» **What you have to do**: Using the listing below, print the line containing "Italian Herb + Cheese Sourdough Bread", the line containing "Thumbnail for Wicklow", and each line between them, exactly and nothing else. Pictures stay out of the print.

» **Source material**:
= = =

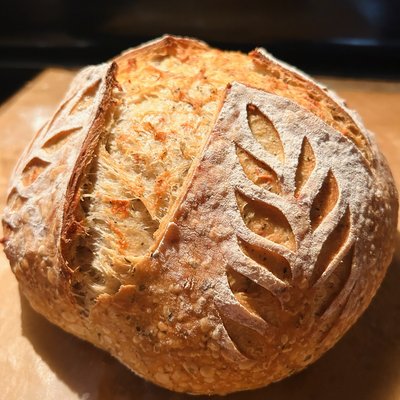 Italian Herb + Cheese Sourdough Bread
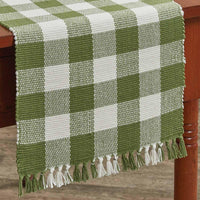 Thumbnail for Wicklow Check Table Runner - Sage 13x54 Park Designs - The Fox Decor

= = =

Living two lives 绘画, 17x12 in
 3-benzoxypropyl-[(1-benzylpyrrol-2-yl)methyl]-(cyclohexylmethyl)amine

= = =

» **Answer section**:
 Italian Herb + Cheese Sourdough Bread
 Thumbnail for Wicklow Check Table Runner - Sage 13x54 Park Designs - The Fox Decor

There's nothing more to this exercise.